Transcribe the records below in their entirety, and leave out each image.
START Data for review
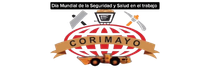 logo-mineria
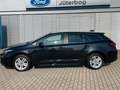 Suzuki Swace 1.8 Hybrid CVT Comfort+ *Kamera*ACC*PDC* Schwarz - thumbnail 9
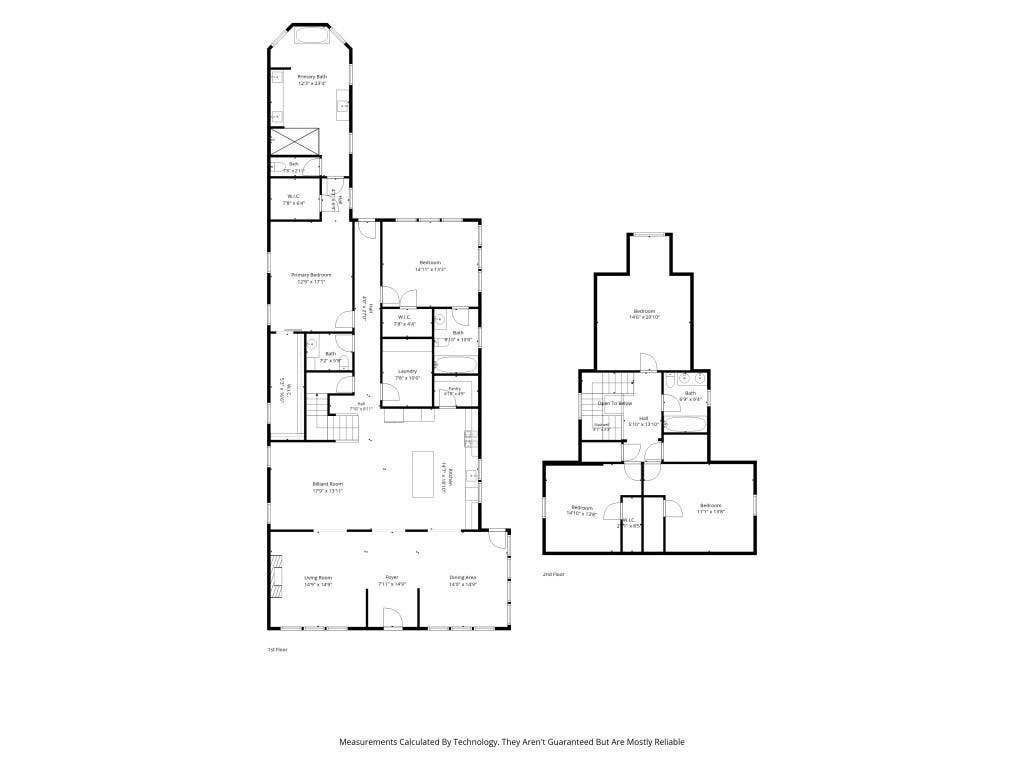5611 Richmond Avenue, Dallas, TX 75206 5611 Richmond Avenue, Dallas, TX 75206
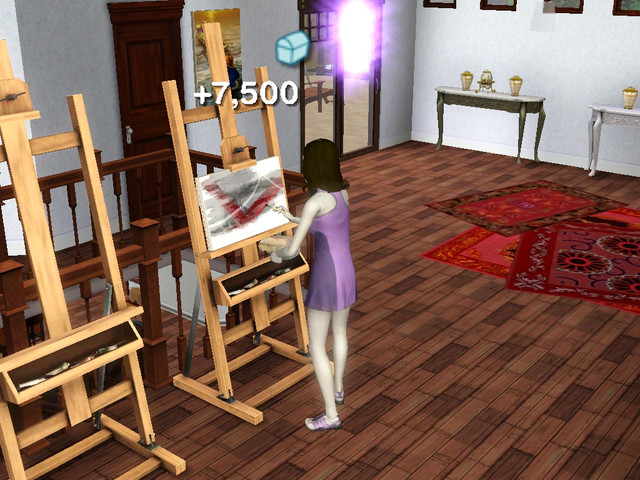Screenshot-217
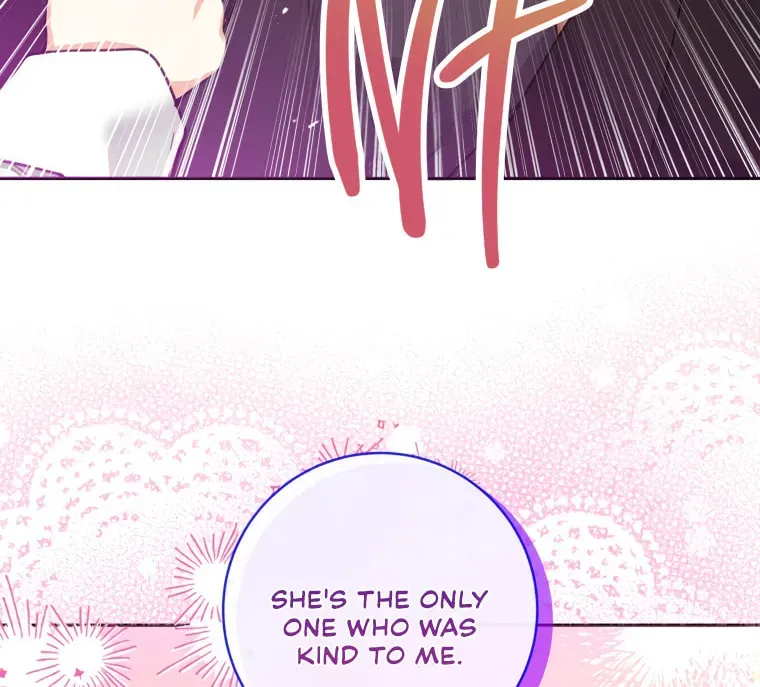 'Cause Calypso Can Chapter 9 page 3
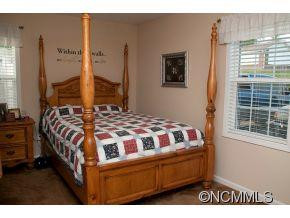 53 B Buena Vista Ridge - Photo 13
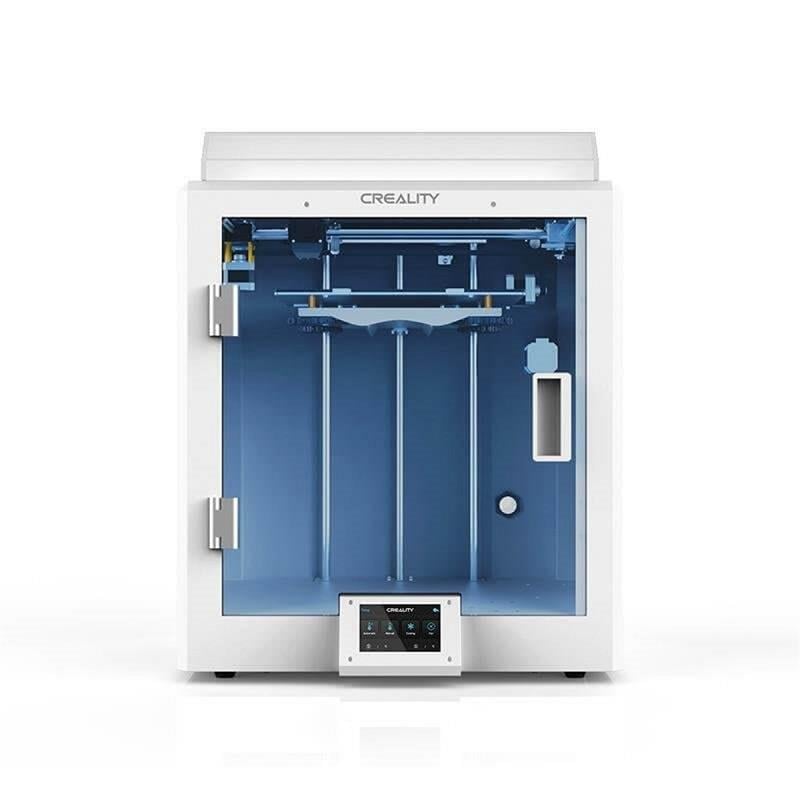 Creality CR-5 Pro H 3 Boyutlu 3D Yazıcı Printer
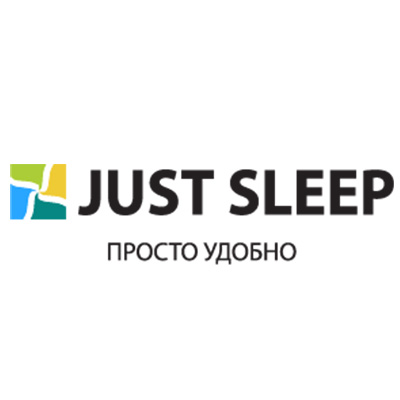 JUST SLEEP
END Data for review
Finished task:
 logo-mineria
 Suzuki Swace 1.8 Hybrid CVT Comfort+ *Kamera*ACC*PDC* Schwarz - thumbnail 9
5611 Richmond Avenue, Dallas, TX 75206 5611 Richmond Avenue, Dallas, TX 75206
Screenshot-217
 'Cause Calypso Can Chapter 9 page 3
 53 B Buena Vista Ridge - Photo 13
 Creality CR-5 Pro H 3 Boyutlu 3D Yazıcı Printer
 JUST SLEEP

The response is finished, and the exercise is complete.